Wikidata adds structure to the content which makes pulling out all kinds of related information possible. Wikipedia data is fairly unstructured. Numerous categories exist, so if you’re looking for, say, a list of South African politicians, there’s both a list page and a category page. However, if you want something more detailed, such as a list of South African politicians that have a father that was a politician, without lots of manual slogging, Wikipedia alone won’t be much help. That’s where https://query.wikidata.org comes in, and once familiar with SPARQL, such questions are easy to answer.
Even more exciting to me was Quarry. Years ago I remember toying with the idea of downloading a Wikipedia database dump, but at the time the massive download would probably have ground South Africa’s internet to a halt. Quarry is an interface for running SQL queries directly on the Wikimedia Foundation’s backend MariaDB databases. The bar to getting something useful is a little higher than on https://query.wikidata.org, as to use it effectively requires getting to know the data structure, but since access is direct, it’s a tremendously powerful tool to extract almost anything you want.

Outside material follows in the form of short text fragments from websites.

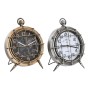 Orologio da Tavolo DKD Home Decor Mappamondo Cristallo Argentato Nero Dorato Bianco Ferro (22 x 17 x 29 cm) (2 Unità)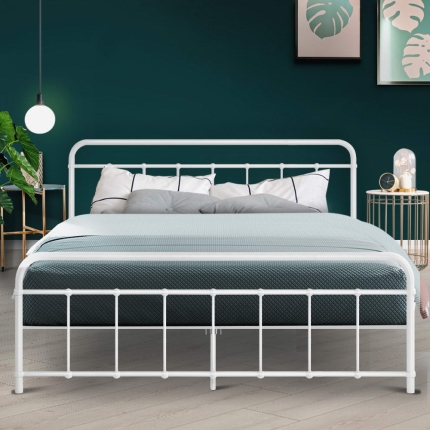 Metal Bed Frame Queen Size Platform Foundation Mattress Base Leo White - Image 7
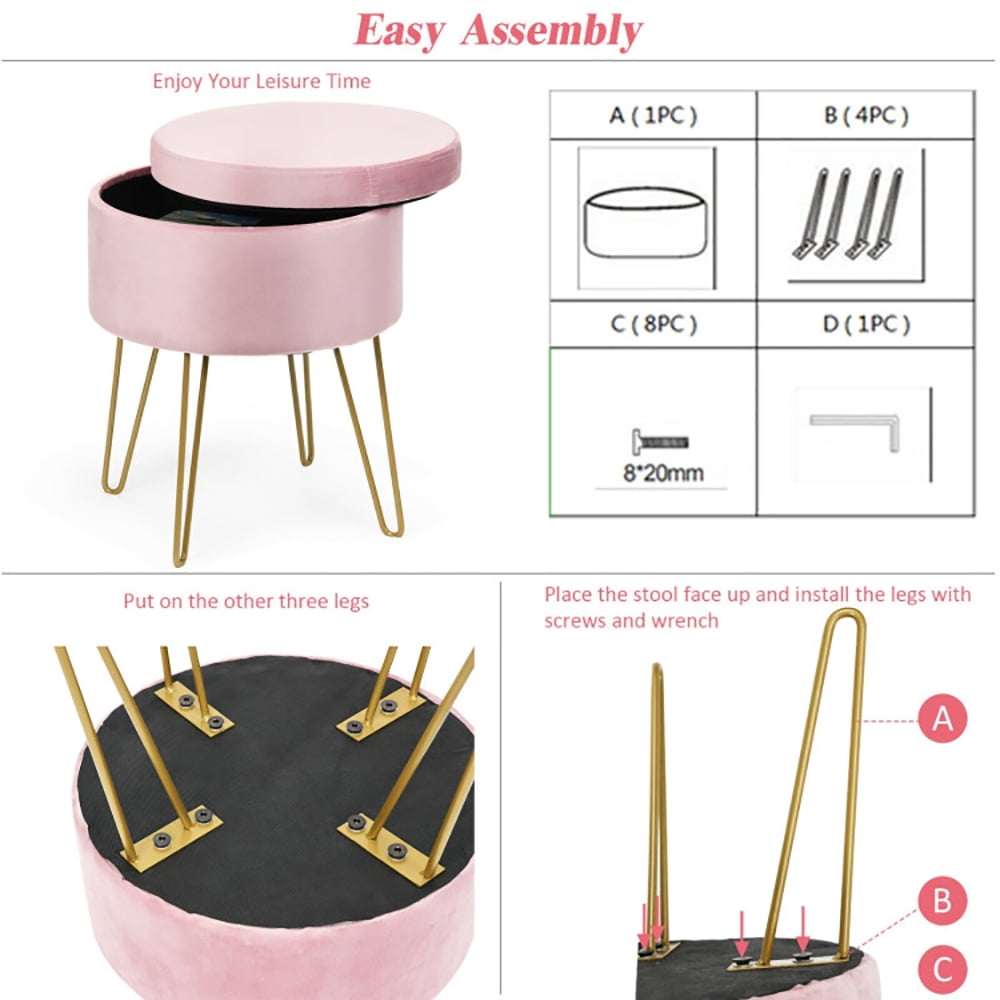 Finihen Round Velvet Storage Ottoman, Footrest Stool, Vanity Chair with Metal Legs, for Living Room, Bedroom, Pink Finihen Round Velvet Storage Ottoman, Footrest Stool, Vanity Chair with Metal Legs, for Living Room, Bedroom, Pink
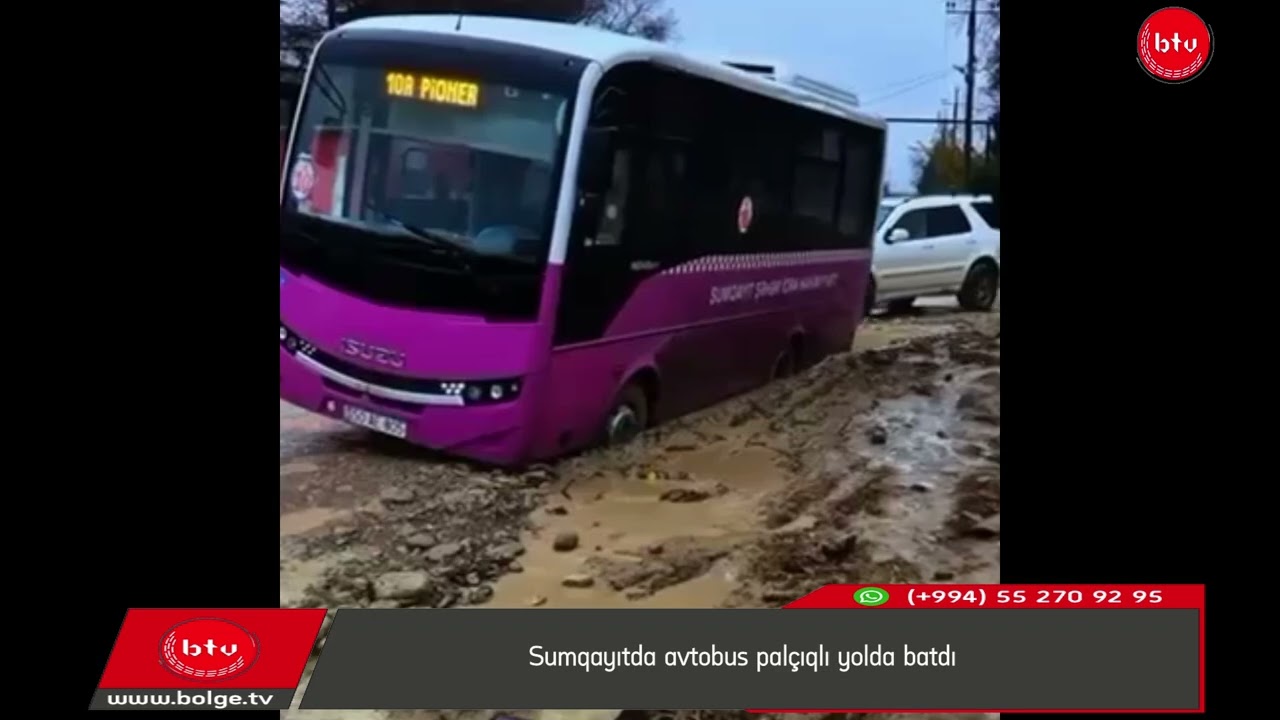 Sumqayıtda avtobus palçıqlı yolda batdı
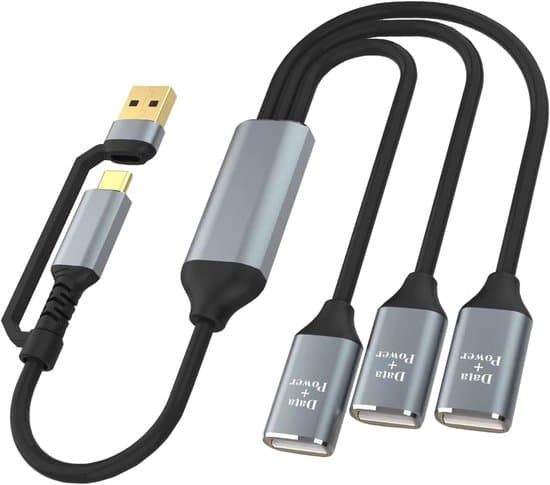 Y-kabel USB-splitter, 30 cm, 2-i-1 USB A och USB C expansionshubb, multi-USB port expander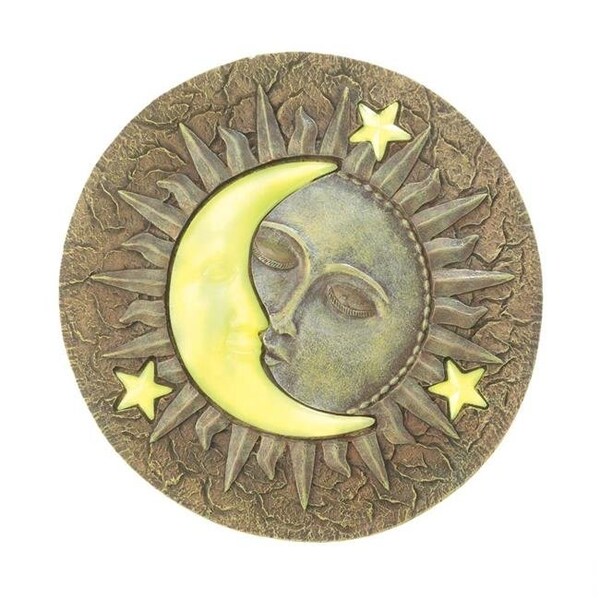 Pipers Pit 10.2 x 10.2 x 0.5 in. Sun & Moon Glowing Stepping Stone - PI343173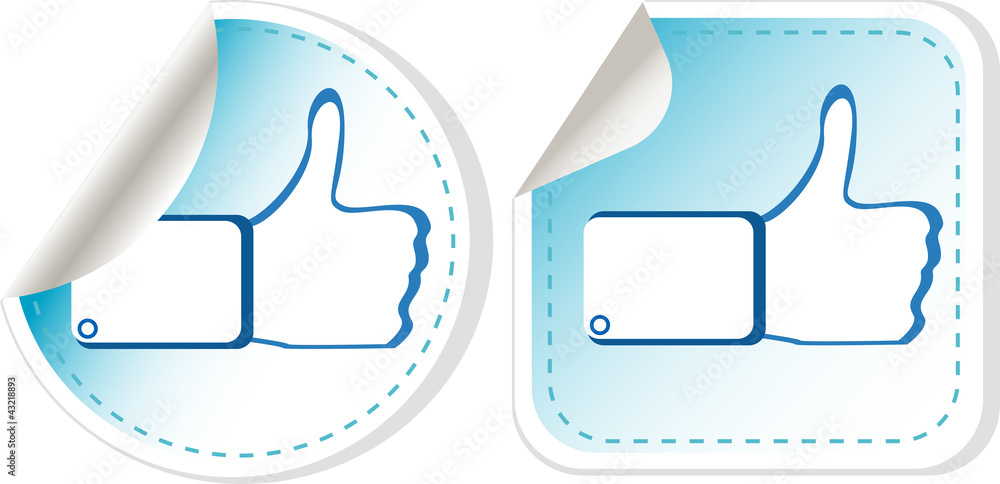 Stickers set with like hand. Vector illustration Stickers set with like hand. Vector illustration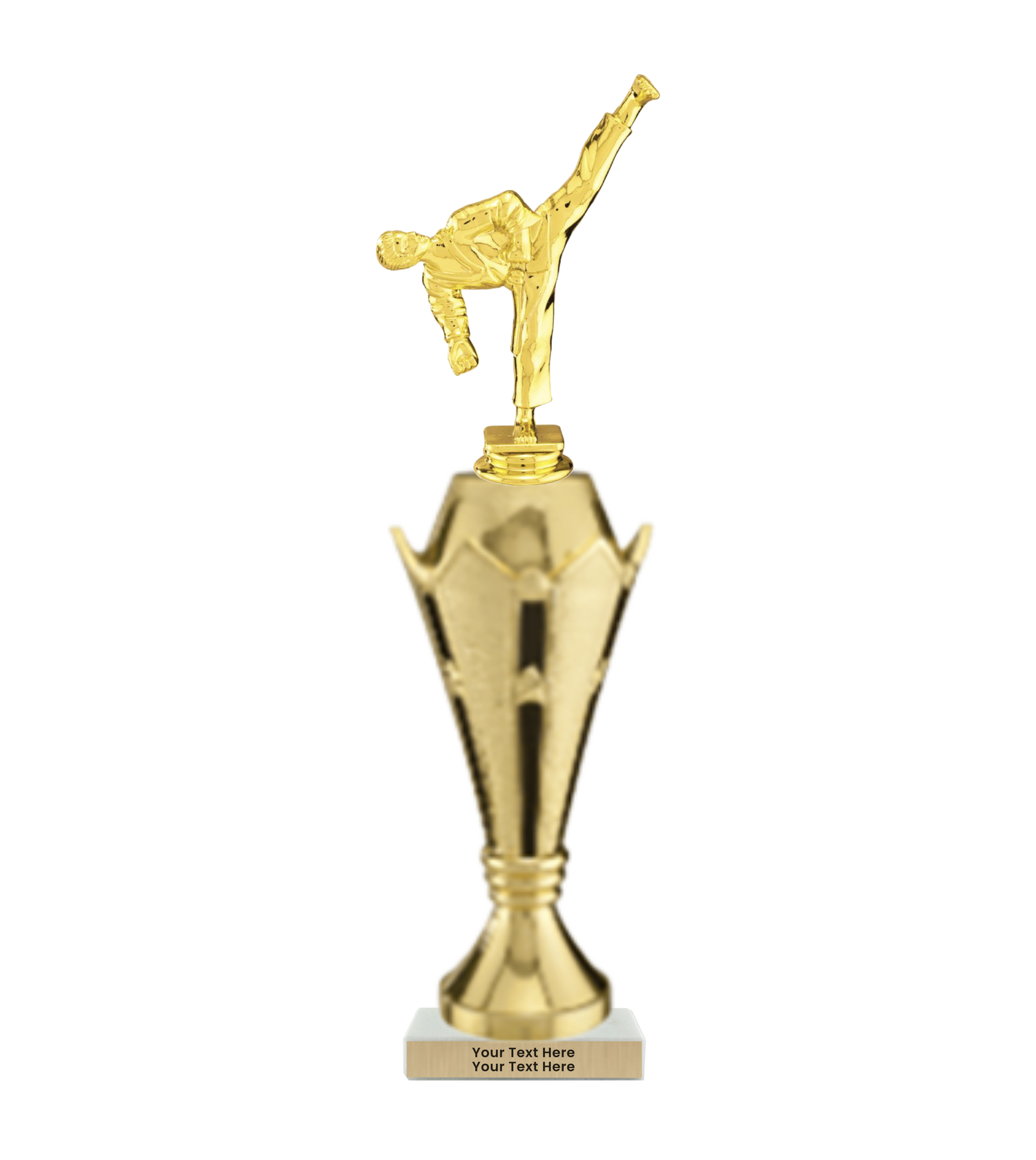 Taekwondo High Kick Taekwondo Trophy with WHITE MARBLE BASE
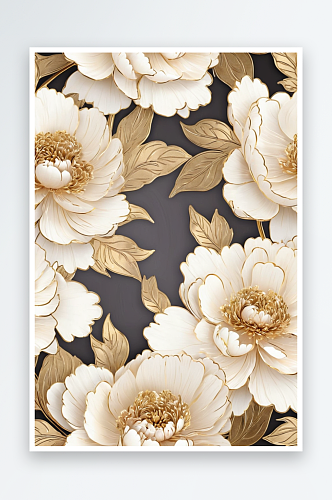 数码复古金色牡丹花卉装饰抽象图形海报背景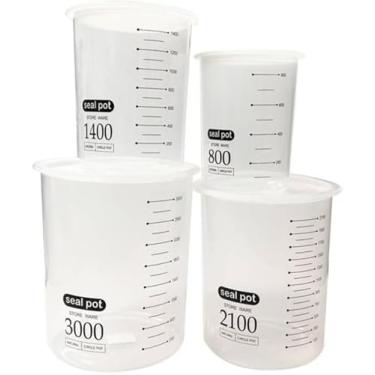 Imagem de Kit Potes Herméticos Plástico Multiuso 4 Peças – Vedação Segura, Organizadores de Alimentos para Cozinha, 800ml, 1400ml, 2100ml, 3000ml, Organizadores Multiuso Cozinha, Alimentos, Marmita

The easiest way to get started is to take someone else’s query and modify it. For example, here is a query listing pages from the Afrikaans Wikipedia that don’t have an Afrikaans label on Wikidata, which I forked from Asaf’s demo run during the meetup: https://quarry.wmflabs.org/query/27283
I can already see myself diving in and automating and expanding the (semi) regular African language updates I do, or getting automatic notifications of activity in some of the small South African language Wikipedias.
And if those listed above are not enough, Asaf has a tool section on his user page listing yet more wonderful tools you’ve probably never heard of.
Thanks Asaf for taking the initiative to pay a visit to some of the African Wikimedia communities, and leaving a trail of inspiration in your wake.
Thanks Ian. You may be interested in a new tool called WikiChron ( wikichron.science ) which visualises contributions in real time. I farted around for weeks with spreadsheets for my dissertation. It’s supposedly demonstrated in this video but I couldn’t find it https://www.youtube.com/watch?v=Y9lvXVJCiyc
Yes, we attended the Joburg leg of his visit and were also left inspired… I particularily loved the Wikidata query tool which I used when I visited mozambique for a WikiGAP workshop. This time I liked the Massview tool which is useful to show page view of say a Wikipedia Category!!!